Comment les choses ont-elles évolué depuis ce voyage en 2007 ?
L’équipement est bien meilleur. On s’est battu pour qu’ils aient des planches en bon état. Depuis, d’autres personnes se sont investies pour donner du matériel aux surfers de Gaza. On est passé d’un bébé à un enfant capable de marcher. C’est incroyable comme les choses ont évolué ! Il y a une trentaine de nouveaux surfers à Gaza. J’étais sûr que cela arriverait. Je surfe depuis 75 ans et j’ai vu tellement de choses !
Est-ce compliqué de mettre la religion de côté dans ce genre d’opération ?
Pas pour moi. Peut-être pour les autres. On m’a un jour demandé ce que je ferais si je devais choisir entre la religion et le surf. J’ai répondu le surf, car c’est une force spirituelle bien plus puissante que n’importe quelle religion. Les passions religieuses restent mystérieuses pour moi, c’est comme de la magie noire. C’est des conneries ! Quand tu rames, que les vagues sont belles, que le soleil brille et l’eau est claire, c’est ça, Dieu pour moi ! Tu es entre ses mains ! Ce n’est pas rester assis toute la journée pour Yom Kippour ! Je ne voudrais pas paraître trop idéaliste mais voilà mon sentiment : ce qui compte, ce n’est pas la politique ou la religion, c’est ce qu’on ressent en allant surfer, en sortant de l’eau après une bonne session, quand on est envahi par la puissance de la nature et des éléments.

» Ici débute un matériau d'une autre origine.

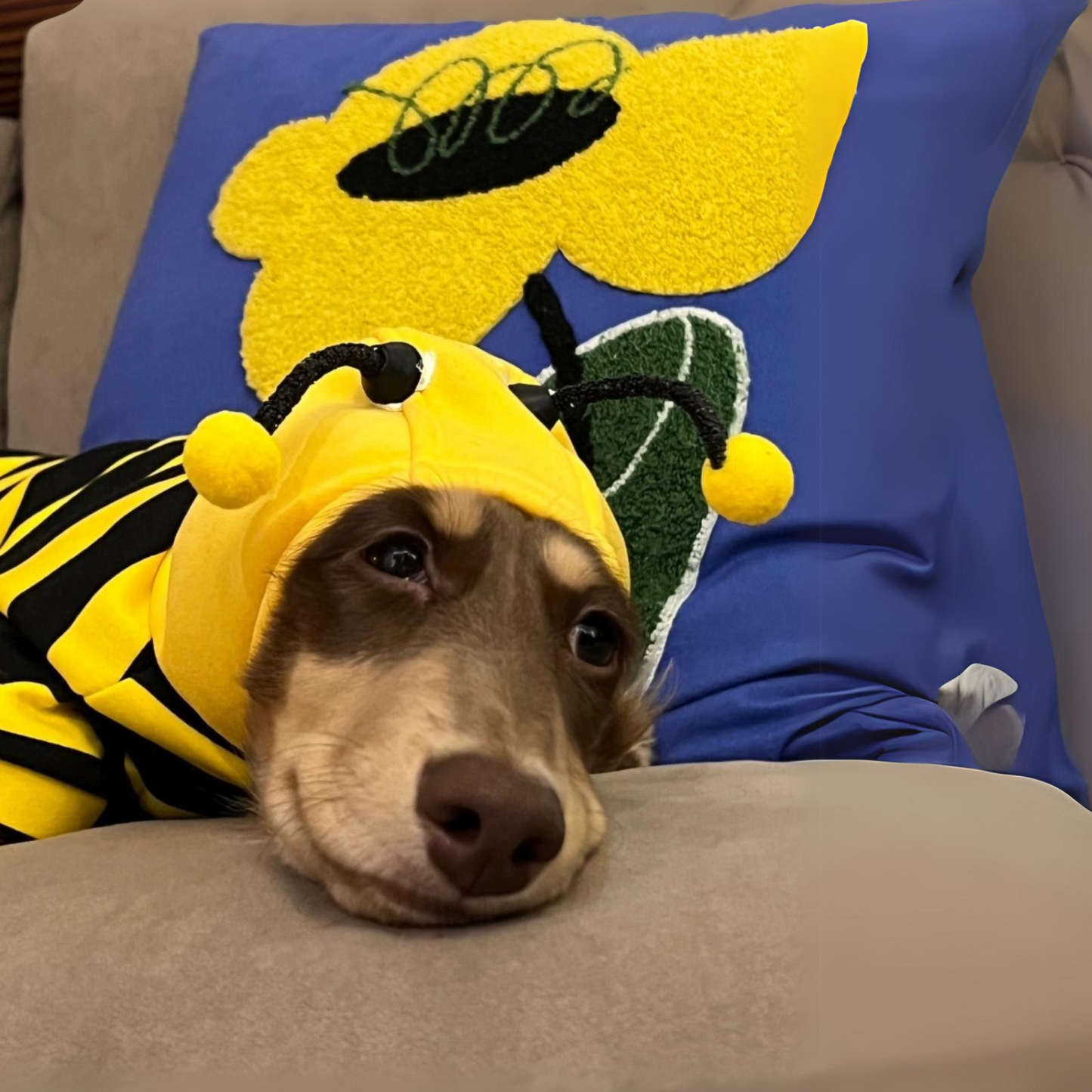 Dachshund Bee Costume Doxie Hooded Sweatshirt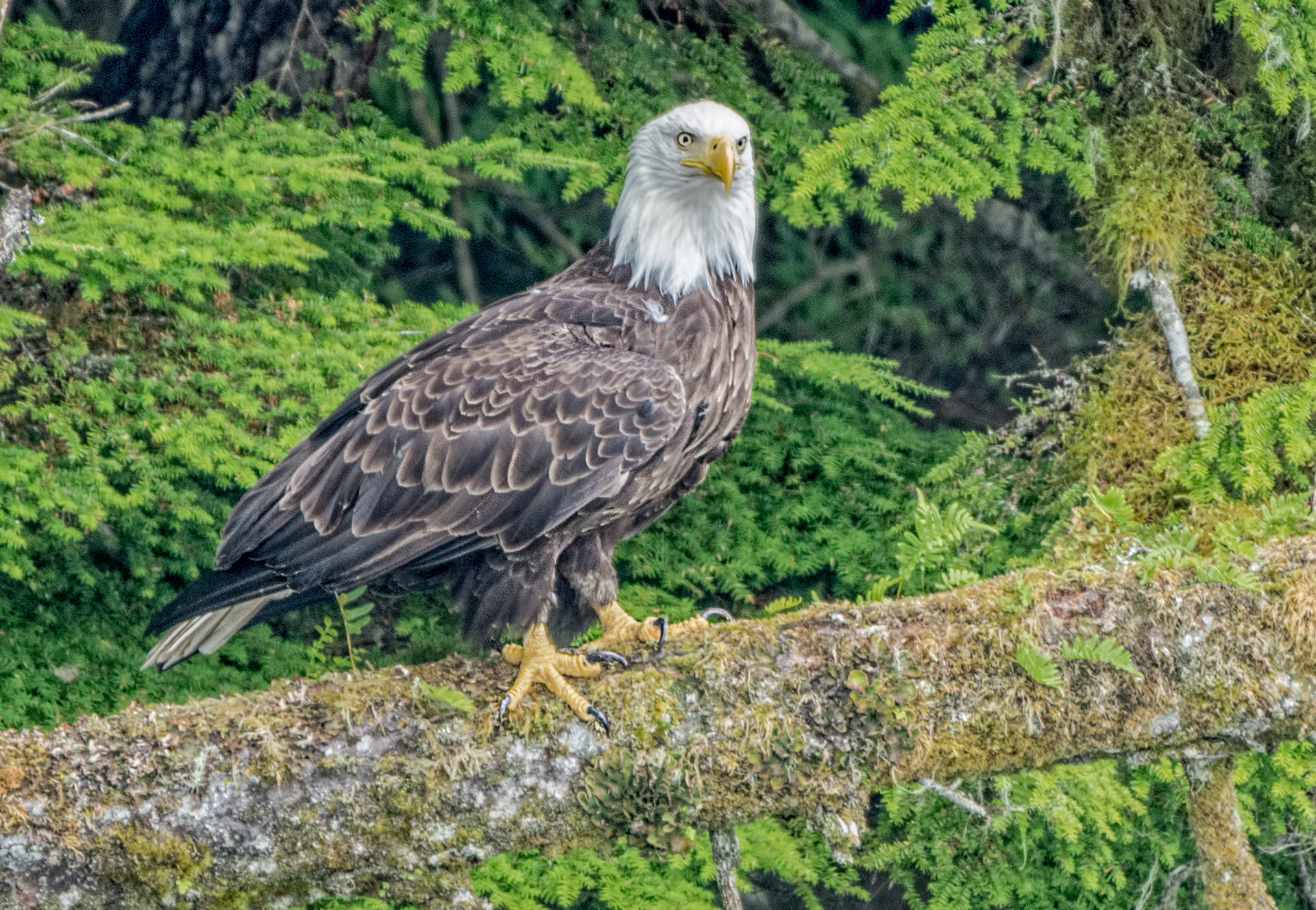 American eagle-Alaska
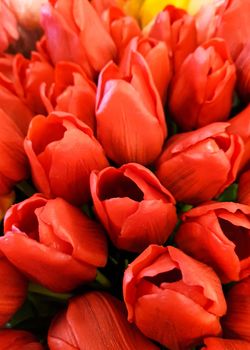 AMSTERDAM, Feb 2018 - Bunches of Tulips in closeup, Red and orange
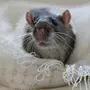 Крысы Домашние Милые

Juliette, sa femme, intervient
Quand je l’ai rencontré, voilà 52 ans, c’était déjà son idée : rassembler les surfers juifs et arabes, mettre la religion de côté et surfer tous ensemble. Ce n’est pas nouveau, ça date de 1957 !
De quoi êtes-vous fier ?
Je suis très fier de ce groupe de surfers de Gaza qui se sent fort, qui partage et fait grandir quelque chose, comme une plante. Je suis fier d’avoir été à la base de ça. Je suis aussi fier d’avoir amené Kelly Slater, d’origine syrienne, et Makua, un juif, en Israël. Mais je ne me considère pas à l’origine de quoi que ce soit. Aucun de nous ne fait les choses seules. On a besoin des autres. Je suis fier de ce qu’on a tous accompli. Quand j’apprends qu’une jeune fille de Gaza apprend à surfer, c’est magnifique. Ça dépasse tout ce que j’imaginais. Voir ces gens, si pauvres, sur des planches enfin s’amuser, ça me rend heureux.
Qu’espérez-vous maintenant ?
C’est plus qu’un espoir. Comme je l’ai dit de façon assez pessimiste, je ne vois pas comment la paix peut s’installer. Mais je suis persuadé que ce qui touche aux vagues, au soleil, à l’eau, tout ce que cela représente va continuer à grandir. Car c’est à leur disposition, ça ne dépend de personne. Ils peuvent en profiter. Je leur souhaite donc de trouver leur bonheur.